Mateo walked over. He looked at the document. He looked at me. He signed it in big blocky letters that looked nothing like a signature.
"I don't need a license to break things," he rumbled.
I stared at the four names on the paper.
It was a death warrant for our careers. It was a declaration of war. And they had signed it without blinking.
My chest felt tight. Not the panic-tightness of the last few days, but something else. Something expanding and warm and terrifying.
"You're all idiots," I whispered, blinking rapidly to keep my vision clear.
"We take direction from the top," Stephen said, a small smirk playing on his lips.
I looked at them. Really looked at them.
Stephen, who turned law into a shield for me. Juno, who turned trauma into data for me. Mateo, who turned his body into a wall for me.
I picked up the red marker I had been using to mark up the "bleed paperwork" strategy.
"Give me your wrist," I said to Stephen.
He extended his arm, cufflink glinting. He turned his hand over, exposing the pale skin of his inner wrist, right over the pulse point.
I uncapped the marker. My hand was steady.

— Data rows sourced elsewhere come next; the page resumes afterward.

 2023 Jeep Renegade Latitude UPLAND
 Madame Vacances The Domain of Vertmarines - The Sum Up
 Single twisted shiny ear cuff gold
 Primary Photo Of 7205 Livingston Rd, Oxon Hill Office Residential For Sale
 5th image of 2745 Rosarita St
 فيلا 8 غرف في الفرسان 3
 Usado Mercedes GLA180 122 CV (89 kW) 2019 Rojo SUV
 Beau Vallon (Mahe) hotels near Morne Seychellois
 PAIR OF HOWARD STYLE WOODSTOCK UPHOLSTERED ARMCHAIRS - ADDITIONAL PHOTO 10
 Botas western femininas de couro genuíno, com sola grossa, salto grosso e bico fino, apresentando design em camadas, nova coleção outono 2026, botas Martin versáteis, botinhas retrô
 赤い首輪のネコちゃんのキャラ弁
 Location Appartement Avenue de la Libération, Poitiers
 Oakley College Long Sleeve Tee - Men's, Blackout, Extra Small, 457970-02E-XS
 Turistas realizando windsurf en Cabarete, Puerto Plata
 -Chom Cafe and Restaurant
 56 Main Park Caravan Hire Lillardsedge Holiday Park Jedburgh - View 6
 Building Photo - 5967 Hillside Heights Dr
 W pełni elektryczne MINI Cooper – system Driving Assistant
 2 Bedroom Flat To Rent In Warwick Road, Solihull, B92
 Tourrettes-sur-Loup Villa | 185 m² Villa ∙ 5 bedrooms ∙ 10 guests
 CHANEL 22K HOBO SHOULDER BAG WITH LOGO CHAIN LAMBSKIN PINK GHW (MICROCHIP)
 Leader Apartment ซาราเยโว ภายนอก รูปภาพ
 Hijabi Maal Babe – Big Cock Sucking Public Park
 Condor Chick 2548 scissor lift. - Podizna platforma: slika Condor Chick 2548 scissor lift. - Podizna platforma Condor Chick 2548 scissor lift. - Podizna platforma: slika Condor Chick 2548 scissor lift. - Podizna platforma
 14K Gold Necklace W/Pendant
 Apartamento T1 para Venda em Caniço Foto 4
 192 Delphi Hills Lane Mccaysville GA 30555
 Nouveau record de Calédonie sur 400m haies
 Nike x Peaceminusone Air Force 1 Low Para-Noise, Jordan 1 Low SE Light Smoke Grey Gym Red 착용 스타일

I wrote in capital letters,ANCHOR.
The ink bled slightly into the grain of his skin. It looked like a brand.
"Mateo," I ordered.
He offered his massive forearm. I wrote it again.ANCHOR.
"Juno."
He held out his arm, his skin golden under the recessed lighting. I wrote it a third time.ANCHOR.
It was a ratification. I didn't have a scent to mark them with. I didn't have a bite. I had ink. I had the tools of my trade. I was claiming them the only way a manager knew how, in writing.
Juno looked at the red letters stark against his skin.
He lifted his wrist. He didn't look at the ink; he looked at me. Then, he pressed his lips to the wet marker.
It was a messy, deliberate smudge. He pulled back, a smear of red ink on his mouth, staring at me with a heat that made my knees weak. He transferred the mark to himself, internalizing it.
"Signed," he whispered.
Stephen looked at his own wrist. He didn't kiss the ink. He lifted his other hand and brought my wrist, the one holding the marker, to his mouth. He kissed the pulse point, right below my thumb. A validation. A notary seal.
Mateo didn't go for hand or ink.
He stepped in close, blotting out the light. He leaned down and pressed his mouth to my forehead. It was a heavy, lingering pressure. A roof over my head. A promise that nothing would hit me from above.
I stood there, surrounded by them, smelling of markers, cedar, parchment, and burnt sugar.
The feeling in my chest cracked wide open.
I was falling in love with them. All three of them.